La risposta giunge dal Michele Salvemini di oggi, che rilegge il desiderio di quel «vecchio me» come un rischioso fermarsi alla «stazione di Egolandia». Infatti, cosa chiedevano a Mikimix i potenti di turno, «i produttori (…) in mejor»? «Tu devi» – diabolicamente – «fare canzoni che aiutino il pubblico a mettere roba dentro al carrello»; oppure, andare «a Sanremo / quando rappare a Sanremo / aveva l’effetto di un sacrilegio», essendo ormai la scena rap «sulle tracce di Lenin». Con la tragica conseguenza che questo seguire «la corrente», suggerito dall’antica promessa del serpente, veniva poi premiato in termini di successo: «famoso in Francia come i rossi in bottiglia / al Moulin Rouge in una grossa conchiglia». Quante volte, per soddisfare l’idolo di turno del nostro ego, abbiamo compiuto o compiamo azioni non volute o non pensate sino in fondo nella loro essenza egoista?

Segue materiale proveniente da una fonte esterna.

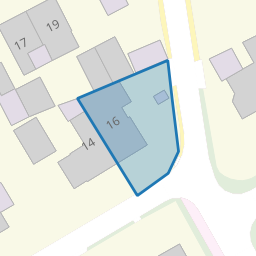 Perceel BMR00-K-1382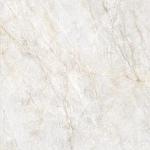 Керамогранит GT606019202SPR Adani Бежевый Soft Sugar 60x60-5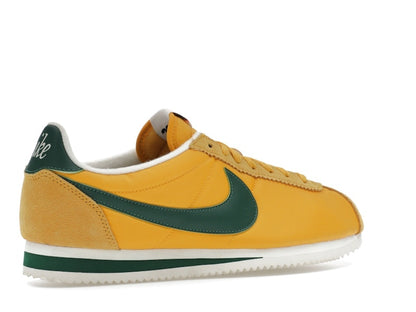 Nike Classic Cortez Nylon Oregon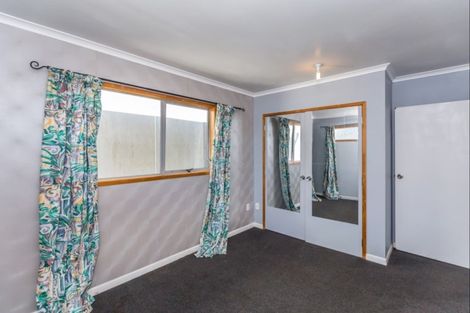 Photo of property in 40 Himatangi Street, Himatangi Beach, Foxton, 4891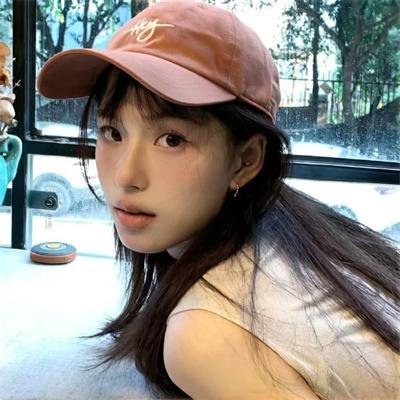 私语时刻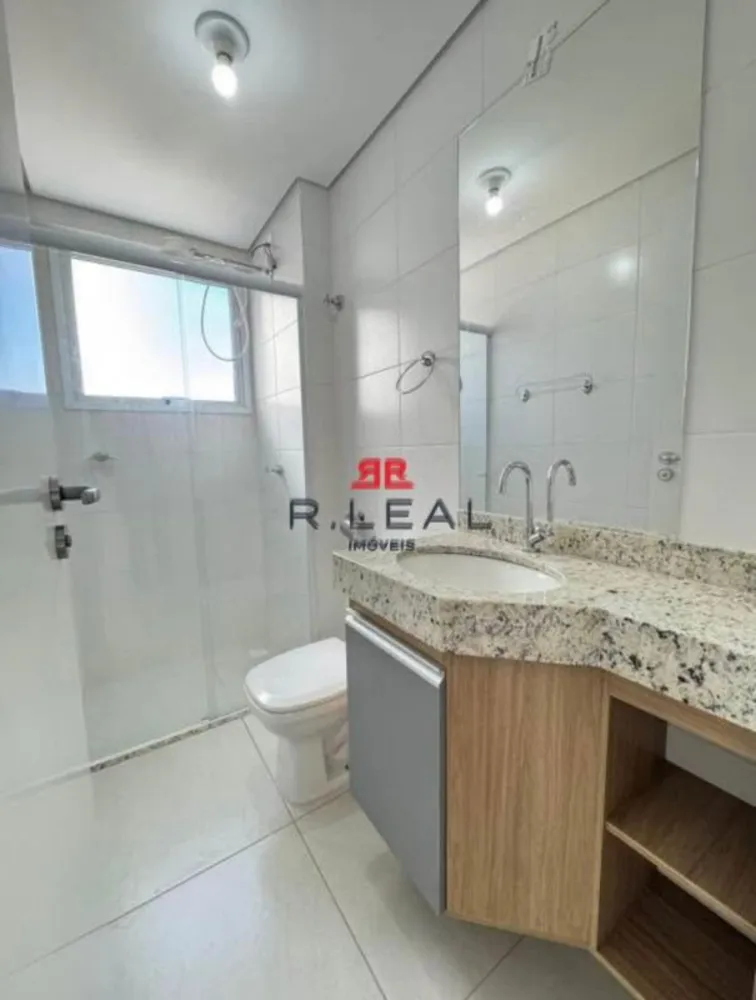 Apartamento, 1 quarto, 38 m² - Foto 12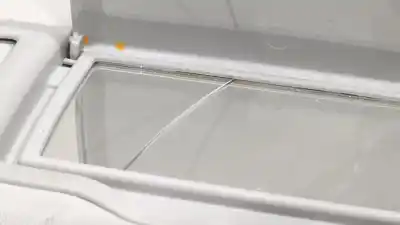 Автозапчасти б/у правая зона за renault captur ii (hf_) tce 160 (hfn1) ссылки oem iam   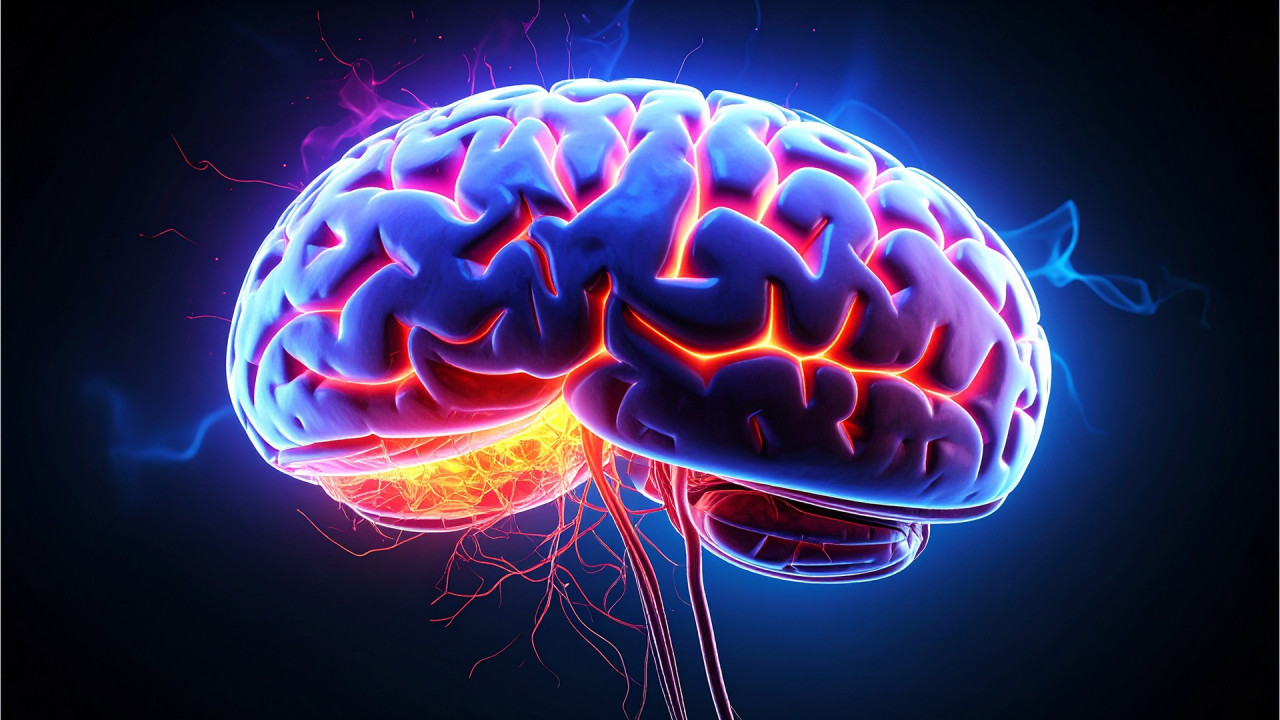 Major breakthrough in depression treatment results in just one week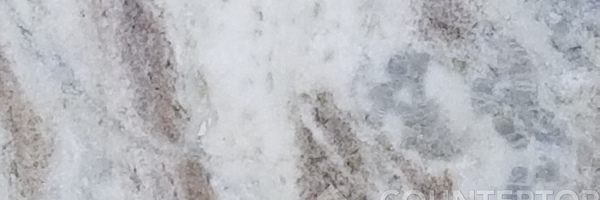 Image of Item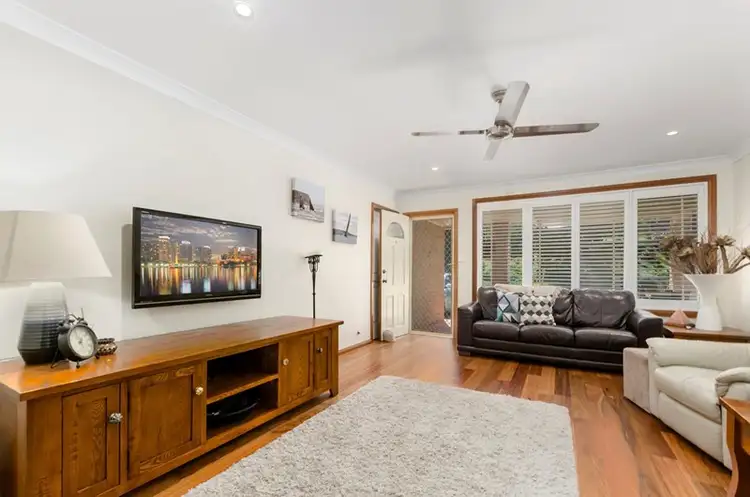 Third view of Homely villa listing, 4/1 Kendall Street, Kiama NSW 2533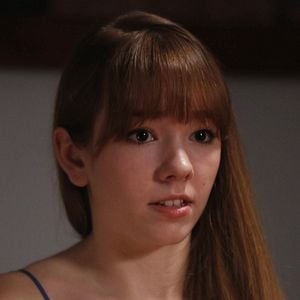 Fotoğraf Holly Taylor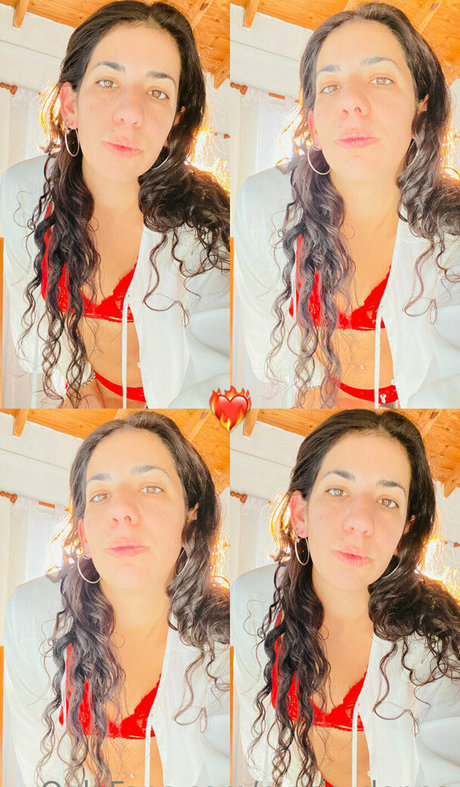 maria donna トップポルノスター 画像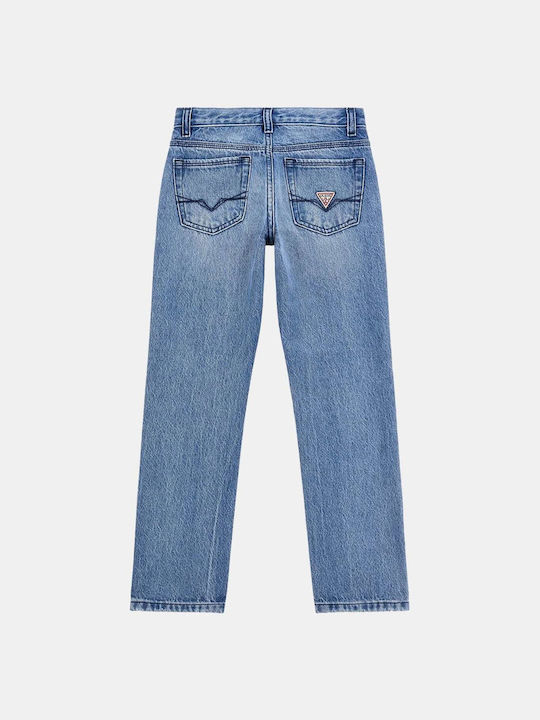 Guess Kids Jeans denim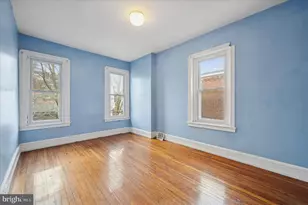 4513 Kingsessing Ave, Philadelphia, PA 19143 - Photo 8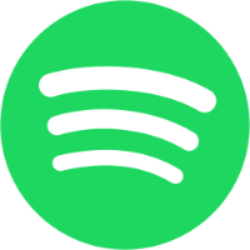 Spotify Technology S.A. (SPOT) Ownership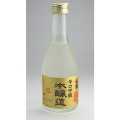 ��ζ �����ܾ�¤ �ɸ���� 300ml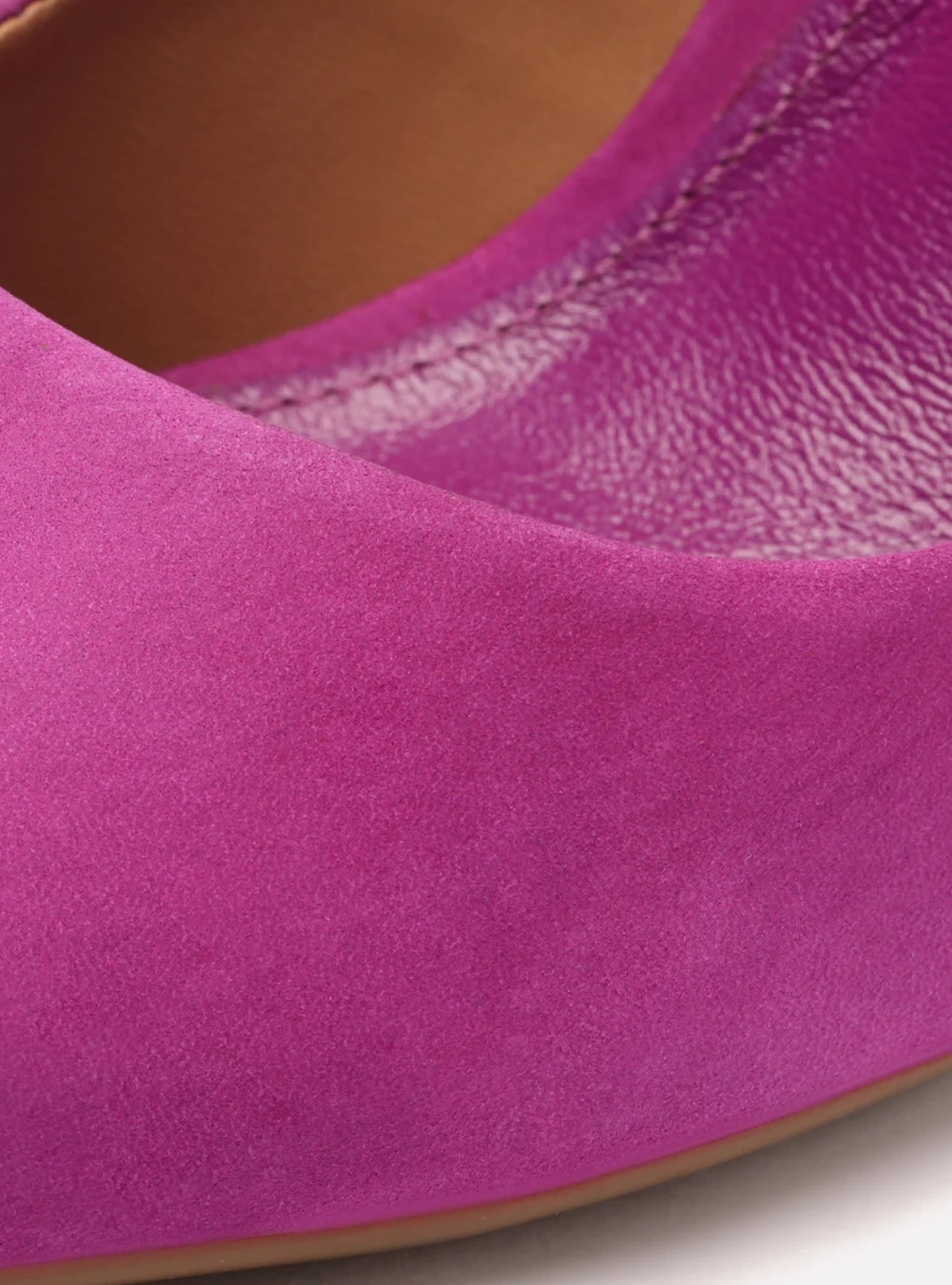 Gabriella Mid Stiletto Pump Pump FALL 21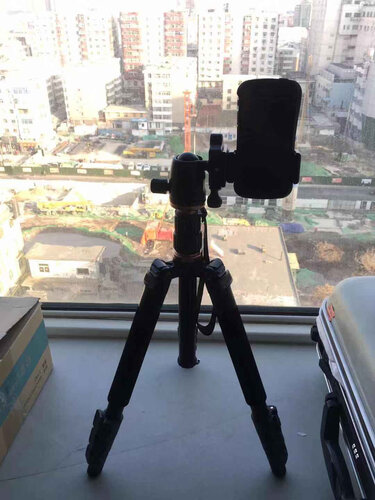 老司机分享轻装时代q555和富图宝yf800有什么不同？深度剖析功能区别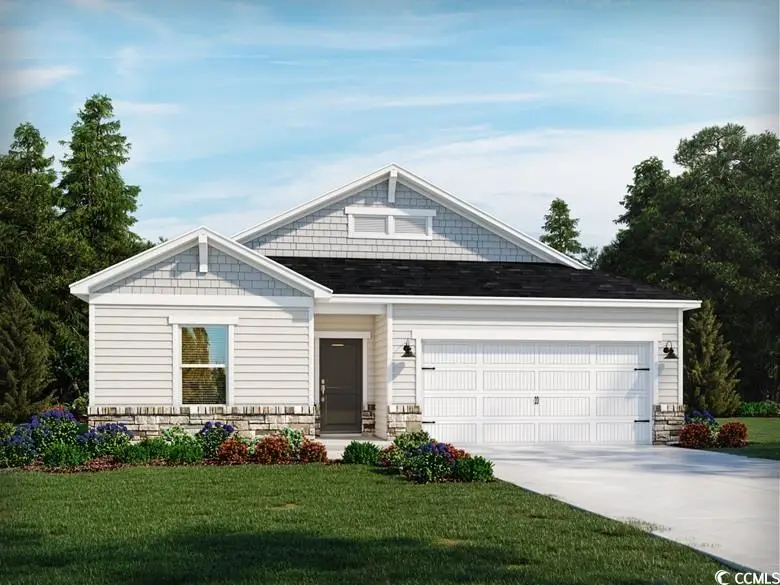 213 Chain Fern Ct, Longs, SC 29568 - Image #1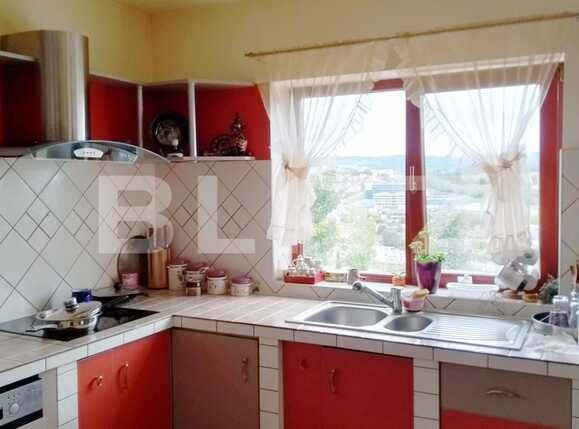 Casa de vânzare 7 camere Dambul Rotund - 28346CV | BLITZ Cluj-Napoca | Poza7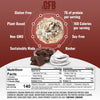 GFB Dark Chocolate Coconut Bites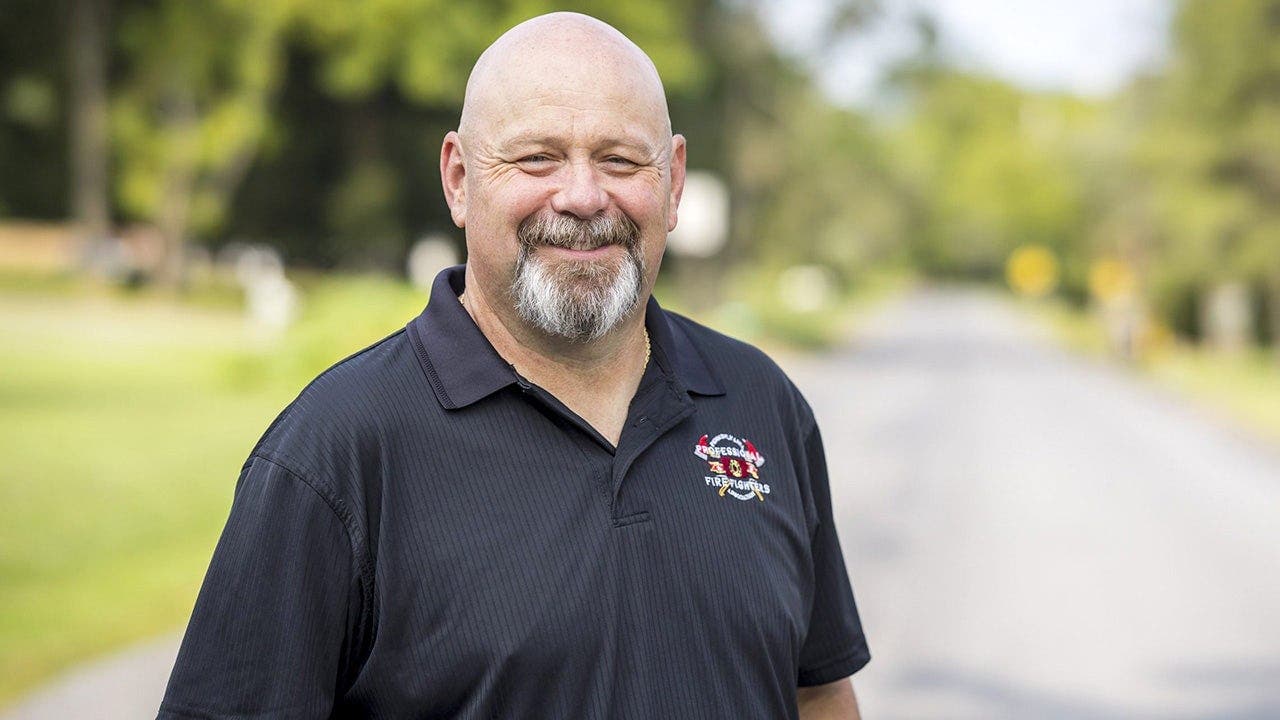 Dem House candidate settles yearslong $55K debt fight with former mother-in-law weeks before election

Quante volte, per questo, abbiamo addirittura ricevuto un riconoscimento o il meritato alloro?

A differenza di Gesù, però, che “avrebbe” vinto queste tentazioni attraversandole ma senza cadere in esse, Michele Salvemini – come ciascuno di noi – ha dovuto sperimentarne gli esiti nefasti per comprenderle come tali, per rileggerle come «mosse maldestre». Caparezza, a distanza di anni, confessa con grande parresia verso sé stesso «il tracollo palese» e la «rovina» di Mikimix, la distruzione e l’annichilimento della sua identità artistica di allora per mano del sistema stesso: «prendevo botte da wrestler / (…) passavano sopra il mio nome in retromarcia / dicevano: “Quello è uno zero, zero”». In definitiva, quello che ci racconta Michele Salvemini, classe 1973, è il «buio» esperito sulla soglia dell’anno 2000: una vera e propria esperienza di morte, se Caparezza canta «aggiungi il vecchio me dentro il Club 27».

Fortunatamente, anche per Michele Salvemini, come “sembra” già per Gesù e per noi che lo ricordiamo ogni anno grazie alla Quaresima, questa morte non è stata la conclusione definitiva della sua esperienza artistica ed esistenziale. Certo, come è normale che avvenga in queste situazioni, nel frattempo il rapper pugliese stava scontando il prezzo delle scelte precedenti: sia in termini di stile («i colleghi evolvevano, erano dei mostri, Godzilla / io mangiavo gli ossi con Wilma»), sia in termini di isolamento («la scena ancora non mi riconosce»). Ma ciò che veramente conta è la possibilità per Caparezza di cantare oggi il suo essere «risorto nel 2000», «rinato come Zero», al punto da affermare – proprio lui! – «Dio benedica gli anni zero».

Che il periodo quaresimale, allora, venga vissuto anche da noi per ricordare che vale la pena vivere ogni momento della vita, che di essa è benedicibile ogni istante, perché – o con la convinzione che – «a volte il traguardo comincia da un passo falso» e si passa «dal pollice verso alla grazia cambiando un anno / dal pollice verso alla grazia cambiando un anno».